Eugénie connaît chaque mot des dialogues et ne les trouve pas drôles. Elle sait aussi l'histoire qui se joue derrière le masque des personnages… Sous les traits de la « femme bafouée » et de son « ancien amour », se livre également une petite guerre entre deux comédiens de seconde zone, Natacha et Maximilien. Tous deux, en mal de reconnaissance, essaient de se chiper les scènes à coups de surenchère. L'un et l'autre sont convaincus d'être le meilleur, génie injustement sous-estimé que son médiocre partenaire empêche de s'élever jusqu'à son firmament. Chacun se considère comme le souverain naturel dont ce modeste théâtre serait le royaume. Ils ne sont jamais meilleurs que lorsqu'ils doivent se haïr… Ces pathétiques luttes d'ego fatiguent toute l'équipe, mais elles offrent aussi une savoureuse seconde lecture à la représentation. Chaque soir le même texte, mais chaque soir une nouvelle passe d'armes pour qui sait l'entrevoir.
Glissant tout au bord de son siège, Eugénie s'avance pour étudier la salle. Elle pose le menton sur ses mains croisées au-dessus des moulures dorées du balcon. Ainsi installée, elle sort partiellement de la pénombre. En embuscade, son profil baigné par la chaude lueur de la scène, elle semble fomenter un complot. De son perchoir, à l'affût, elle peut en toute impunité scruter l'assistance qui regarde ailleurs.
Étonnant parterre, fascinante assemblée renouvelée au gré des jours. Éphémère réunion d'individus qui n'ont rien en commun mais qui, pour quelques heures, partagent le cours d'une même histoire. Toutes les générations, tous les milieux, hommes, femmes, familles, célibataires, couples, copines venues se changer les idées. Eugénie les détaille au hasard. Elle identifie ceux qui se sont habillés pour être élégants ou pour se faire remarquer. Elle reconnaît ceux qui viennent régulièrement quel que soit le spectacle, comme Marcelle et Jean, le petit couple de retraités, et ceux qui choisissent un événement précis. Chacun réagit à sa manière. Elle en voit qui se recroquevillent sur eux-mêmes pour ne pas gêner leurs voisins. Elle repère ceux qui vivent littéralement la pièce et dont le corps réagit à chaque rebondissement, alors que d'autres intériorisent. Certains — surtout certaines — passent aussi beaucoup de temps à vérifier l'effet produit par les répliques sur leur voisin… Tous ont les yeux qui brillent. Pourquoi ces gens si différents sont-ils là ce soir ? Quel écho ce vaudeville trouve-t-il en eux ? Avec quelle part des personnages ou d'eux-mêmes ont-ils rendez-vous ? Pourquoi ces humanités se retrouvent-elles en communion devant cette pantomime de l'existence ?
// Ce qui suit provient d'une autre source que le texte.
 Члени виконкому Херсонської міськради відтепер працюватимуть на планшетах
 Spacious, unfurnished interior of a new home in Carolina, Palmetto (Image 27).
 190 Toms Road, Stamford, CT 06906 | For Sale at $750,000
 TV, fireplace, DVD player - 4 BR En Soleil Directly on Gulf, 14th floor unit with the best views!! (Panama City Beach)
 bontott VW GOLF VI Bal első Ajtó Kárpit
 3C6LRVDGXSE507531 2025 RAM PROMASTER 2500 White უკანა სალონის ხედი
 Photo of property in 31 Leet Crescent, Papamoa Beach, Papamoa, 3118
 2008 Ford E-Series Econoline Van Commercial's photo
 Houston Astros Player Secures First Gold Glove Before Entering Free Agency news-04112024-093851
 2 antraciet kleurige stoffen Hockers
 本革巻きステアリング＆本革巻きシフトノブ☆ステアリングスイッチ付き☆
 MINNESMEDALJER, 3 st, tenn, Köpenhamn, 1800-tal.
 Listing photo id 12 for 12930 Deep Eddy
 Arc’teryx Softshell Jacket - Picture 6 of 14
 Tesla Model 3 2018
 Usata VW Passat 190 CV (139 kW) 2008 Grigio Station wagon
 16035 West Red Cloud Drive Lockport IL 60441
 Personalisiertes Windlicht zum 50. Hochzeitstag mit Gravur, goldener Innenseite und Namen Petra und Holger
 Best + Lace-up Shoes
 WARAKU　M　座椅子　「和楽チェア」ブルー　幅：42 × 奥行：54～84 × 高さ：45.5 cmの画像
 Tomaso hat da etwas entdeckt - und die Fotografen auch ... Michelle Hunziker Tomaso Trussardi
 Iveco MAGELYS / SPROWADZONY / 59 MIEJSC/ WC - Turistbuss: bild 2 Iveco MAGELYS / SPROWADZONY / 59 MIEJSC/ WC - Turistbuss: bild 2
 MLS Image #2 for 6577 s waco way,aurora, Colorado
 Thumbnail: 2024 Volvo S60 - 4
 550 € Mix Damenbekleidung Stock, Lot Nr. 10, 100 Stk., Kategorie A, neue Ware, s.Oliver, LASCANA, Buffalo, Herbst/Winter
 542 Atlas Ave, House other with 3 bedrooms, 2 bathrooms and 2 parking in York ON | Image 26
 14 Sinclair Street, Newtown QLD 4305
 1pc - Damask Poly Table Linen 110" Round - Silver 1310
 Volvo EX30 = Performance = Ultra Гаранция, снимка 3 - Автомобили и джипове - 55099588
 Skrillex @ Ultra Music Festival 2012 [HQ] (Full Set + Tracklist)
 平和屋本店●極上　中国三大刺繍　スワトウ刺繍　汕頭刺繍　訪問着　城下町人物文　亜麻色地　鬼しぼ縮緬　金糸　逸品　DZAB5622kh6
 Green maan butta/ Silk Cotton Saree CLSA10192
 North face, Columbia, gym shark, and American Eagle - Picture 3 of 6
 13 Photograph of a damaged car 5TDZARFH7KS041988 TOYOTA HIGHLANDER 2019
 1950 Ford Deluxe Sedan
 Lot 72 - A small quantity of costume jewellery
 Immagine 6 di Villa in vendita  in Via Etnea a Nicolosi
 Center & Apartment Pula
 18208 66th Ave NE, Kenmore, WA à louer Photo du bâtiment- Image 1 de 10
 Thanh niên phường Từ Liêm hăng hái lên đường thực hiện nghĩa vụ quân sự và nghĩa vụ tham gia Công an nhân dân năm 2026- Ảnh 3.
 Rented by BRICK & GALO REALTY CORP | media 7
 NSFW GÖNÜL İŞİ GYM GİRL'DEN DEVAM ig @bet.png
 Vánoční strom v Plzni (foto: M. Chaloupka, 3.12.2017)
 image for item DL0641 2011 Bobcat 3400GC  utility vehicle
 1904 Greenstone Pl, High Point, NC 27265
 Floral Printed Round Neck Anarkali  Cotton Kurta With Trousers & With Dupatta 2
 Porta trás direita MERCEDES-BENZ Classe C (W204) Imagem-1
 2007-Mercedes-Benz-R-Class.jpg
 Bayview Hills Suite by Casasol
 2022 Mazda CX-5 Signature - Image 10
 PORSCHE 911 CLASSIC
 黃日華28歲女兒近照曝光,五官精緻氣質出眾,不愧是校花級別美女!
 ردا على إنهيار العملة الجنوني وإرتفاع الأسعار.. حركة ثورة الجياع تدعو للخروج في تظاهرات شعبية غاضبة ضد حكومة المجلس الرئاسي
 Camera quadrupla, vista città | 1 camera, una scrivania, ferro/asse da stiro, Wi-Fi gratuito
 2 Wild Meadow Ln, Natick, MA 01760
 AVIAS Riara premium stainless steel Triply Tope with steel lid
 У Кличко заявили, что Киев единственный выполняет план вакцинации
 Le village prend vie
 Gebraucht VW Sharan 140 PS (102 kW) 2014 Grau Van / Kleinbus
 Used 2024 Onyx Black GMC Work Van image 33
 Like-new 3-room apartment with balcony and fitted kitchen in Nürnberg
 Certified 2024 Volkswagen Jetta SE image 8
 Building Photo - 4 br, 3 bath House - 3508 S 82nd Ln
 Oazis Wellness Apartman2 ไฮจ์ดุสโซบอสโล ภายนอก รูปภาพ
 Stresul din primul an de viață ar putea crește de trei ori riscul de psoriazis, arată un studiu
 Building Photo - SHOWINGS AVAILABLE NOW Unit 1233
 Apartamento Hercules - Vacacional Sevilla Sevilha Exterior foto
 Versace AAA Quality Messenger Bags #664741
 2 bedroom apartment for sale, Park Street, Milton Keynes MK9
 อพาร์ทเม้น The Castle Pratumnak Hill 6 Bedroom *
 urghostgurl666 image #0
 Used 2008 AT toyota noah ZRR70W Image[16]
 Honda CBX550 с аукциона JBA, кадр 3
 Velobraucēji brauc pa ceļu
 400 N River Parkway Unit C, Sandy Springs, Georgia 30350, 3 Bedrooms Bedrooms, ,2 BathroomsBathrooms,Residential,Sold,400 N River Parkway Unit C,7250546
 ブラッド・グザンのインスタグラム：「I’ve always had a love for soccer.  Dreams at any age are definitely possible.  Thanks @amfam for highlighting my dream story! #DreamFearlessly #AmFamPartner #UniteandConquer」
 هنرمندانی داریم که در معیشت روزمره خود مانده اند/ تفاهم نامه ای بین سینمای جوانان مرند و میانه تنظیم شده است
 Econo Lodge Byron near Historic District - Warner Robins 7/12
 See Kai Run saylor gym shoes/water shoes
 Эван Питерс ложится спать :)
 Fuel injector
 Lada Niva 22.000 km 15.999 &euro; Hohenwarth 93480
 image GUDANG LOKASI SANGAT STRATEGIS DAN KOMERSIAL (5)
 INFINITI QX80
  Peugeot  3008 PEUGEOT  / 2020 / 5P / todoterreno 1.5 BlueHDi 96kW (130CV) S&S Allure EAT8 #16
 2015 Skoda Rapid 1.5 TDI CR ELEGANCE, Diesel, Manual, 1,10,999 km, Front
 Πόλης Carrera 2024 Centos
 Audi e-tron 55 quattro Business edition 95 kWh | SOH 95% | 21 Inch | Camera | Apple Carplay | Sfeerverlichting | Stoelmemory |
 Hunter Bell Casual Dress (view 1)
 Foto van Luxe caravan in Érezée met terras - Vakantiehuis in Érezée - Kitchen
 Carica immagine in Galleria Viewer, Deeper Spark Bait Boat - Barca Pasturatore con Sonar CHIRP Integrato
Cette question intéresse Eugénie bien plus que la pièce elle-même. Elle se la pose d'ailleurs à chaque nouveau spectacle. Quelle force d'attraction faut-il pour inciter tous ces chemins à venir se croiser ici, sous les ors, au creux des velours rouges, assis les uns à côté des autres devant ces fables ?
À force d'y réfléchir, Eugénie a peut-être trouvé la réponse. C'est cette réponse qui lui a donné envie de postuler pour l'emploi de gardienne dans ce théâtre. Cette réponse qui tous les soirs la pousse à venir inlassablement voir et revoir.
Comme eux, elle est là pour éprouver des sentiments. Elle est là pour sentir son cœur battre. Pour voir la vie telle qu'on la rêve et non telle qu'on la vit.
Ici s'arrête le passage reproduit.